So some of you might be experiencing snow, cold, blustery winds, etc., all the joyous aspects that come with winter that I miss terribly. But do you have pineapple pie?! No. No you do not. But you can. Quite easily, might I add...this is about as simple as it gets in the dessert department. And then you, too, can at least eat a slice and let your mind drift into warmer, sea-breezy climates where drinks come with umbrellas and skin is a lovely shade of bronze (or red, if you also suffer from an inherent Canadianesque inability to tan). If you're worried about winter weight, I've even figured out how to make this pie health conscious. It's only 240 calories a slice. Considering a slice of most pie will set you back anywhere from 500-800 (get it together, pecan pie) calories, this is minuscule in comparison. But it is certainly not lacking in flavor.
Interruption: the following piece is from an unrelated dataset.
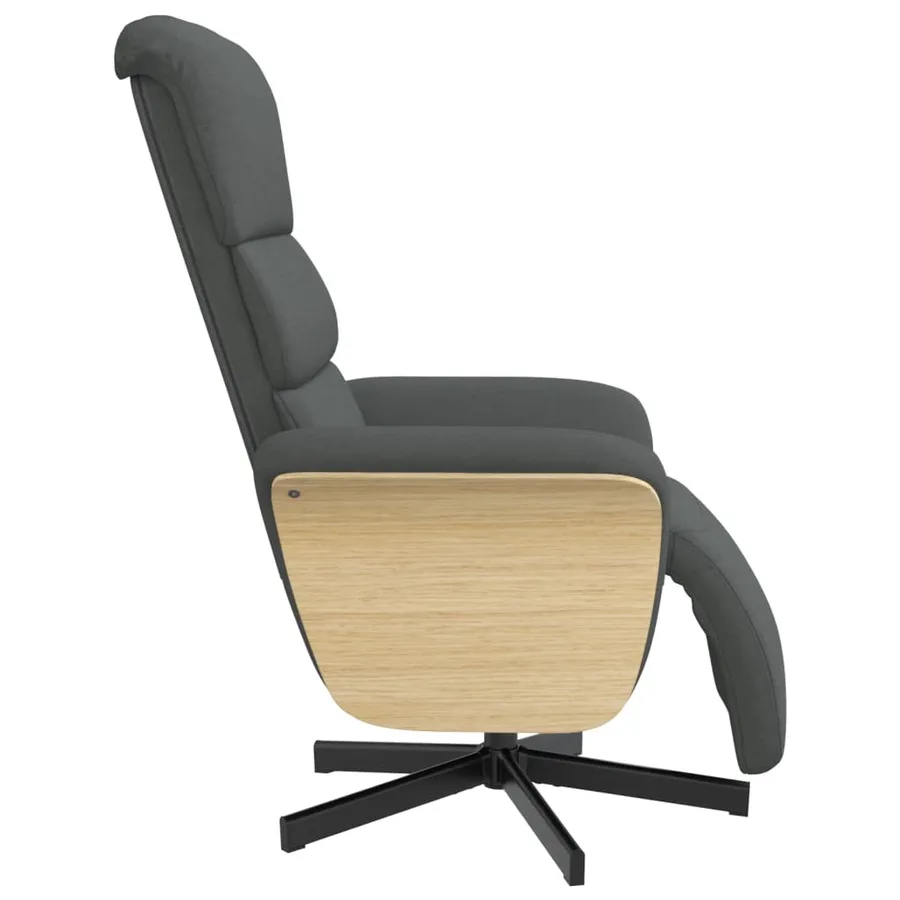 Fauteuil inclinable avec repose-pieds gris foncé tissu - 4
We've been nibbling on this pie for a few days now, and each plate is served with a side of satisfied ooh's and aah's. It is light, the topping is heavenly, and the crust melts on your tongue. We adore the sweet tang of pineapple, and when you top it with a thick layer of Cool Whip, it only gets better.
I own the world's most adorable food processor.
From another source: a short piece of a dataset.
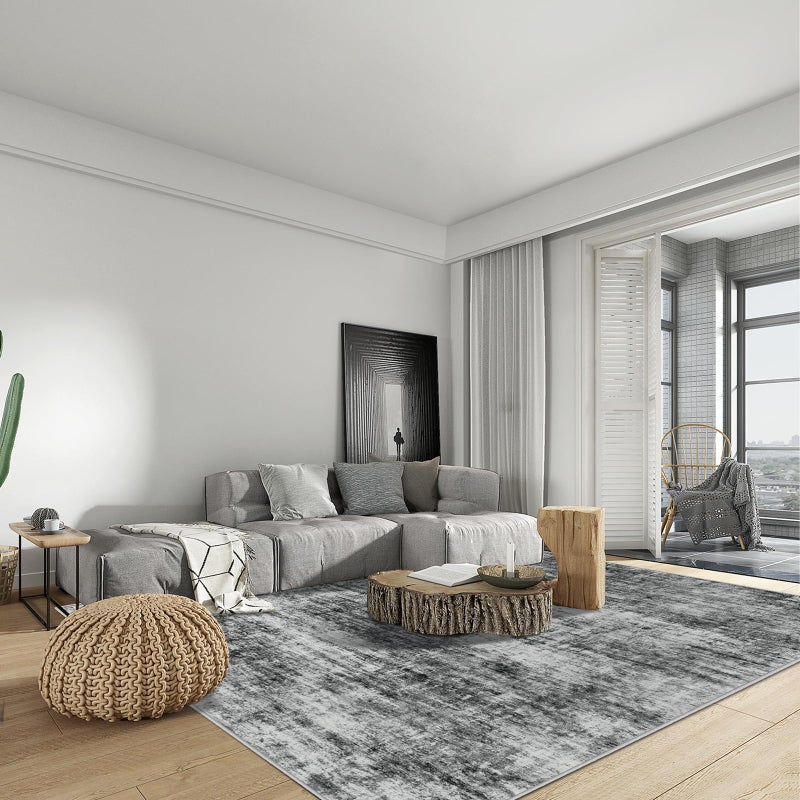 Gent drizz 9x12 Area Rugs Washable Rug: Modern Abstract Living Room Rug Soft Anti-Skid Thin Carpet Indoor Floor Non-Shedding Carpets for Bedroom Dining Room Farmhouse Nursery Home Office Black - Image 3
 Real talk, you could make life even easier and buy a low-fat premade crust, but my husband bought me a 4-cup food processor I had been eyeing for ages for my birthday, so I wanted to make my own pie crust. It's a super easy process, still, so if you are interested in a low-fat pie crust recipe, gather up:
  • 6 sheets of low-fat graham crackers
  • 3 TBS of butter (still cold and cut into chunks)
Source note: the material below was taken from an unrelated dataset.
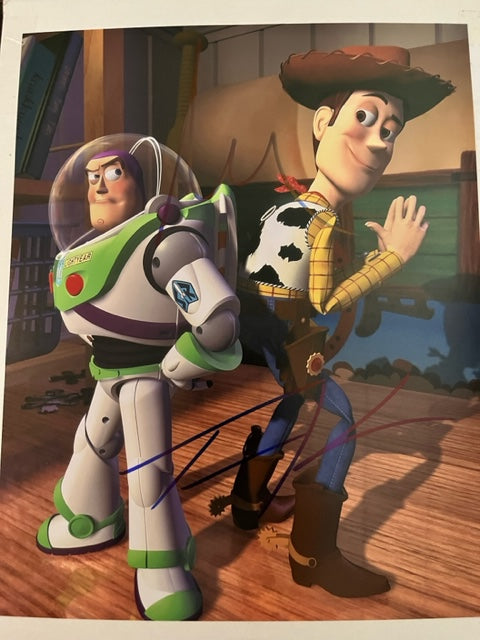 Buzz Lightyear & Woody From Toy Story - Hand Signed by Hanks & Allen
  • 2 TBS of sugar or sugar substitute 
  • 1 TBS water
Otherwise, feel free to skip to the filling recipe below if you buy a premade crust. For you diehard food processor owners, start by pulsing together the graham crackers, butter, and sugar until it forms a nice crumb. Then add in the the water and pulse until you've got thick crumbs:
Like so. Love the wonder that is the tiny food processor.
Then press into a 9-inch pie pan. I am marveling at the fact that it was cool enough to wear ankle boots when I made this crust. It must have been a chilly (65 degree) day.
 Now, to prevent the crust from crumbling when you serve it, place it into the freezer for 15-30 minutes to firm up. I went for the full 30 just to be safe. When time is almost up, preheat the oven to 375. Bake your crust for 10 minutes; it should be a nice shade of golden...you know, like the color I wish I could tan to without the help of sunless tanner:
"I wish I had a skin tone best described as freshly baked pie crust."
Now, let your crust cool fully before adding in the filling. I placed it on a rack and put it into the fridge for a half hour. Literally the most annoying thing about making this pie is that the actual time spent in the kitchen making it is about ten minutes, but when you add in all the time to chill and set, it's more like four hours. The price to pay for tasty dessert is a minor inconvenience, so it's still a winner in my impatient book.
Yep, this is really all you need.
So, this is an extremely lazy pie. Like, wearing pajamas in the airport level of lazy. All you need for the filling is:
  • One 20-ounce can of crushed pineapple (reserve a tablespoon of juice)
  • One 8-ounce tub of light sour cream
  • Two packages of sugar free/fat free vanilla instant pudding
  • Whatever size tub of Cool Whip Free you feel is necessary to top your pie. I just happened to have a 12 ouncer in the freezer in the event of a dessert-related emergency.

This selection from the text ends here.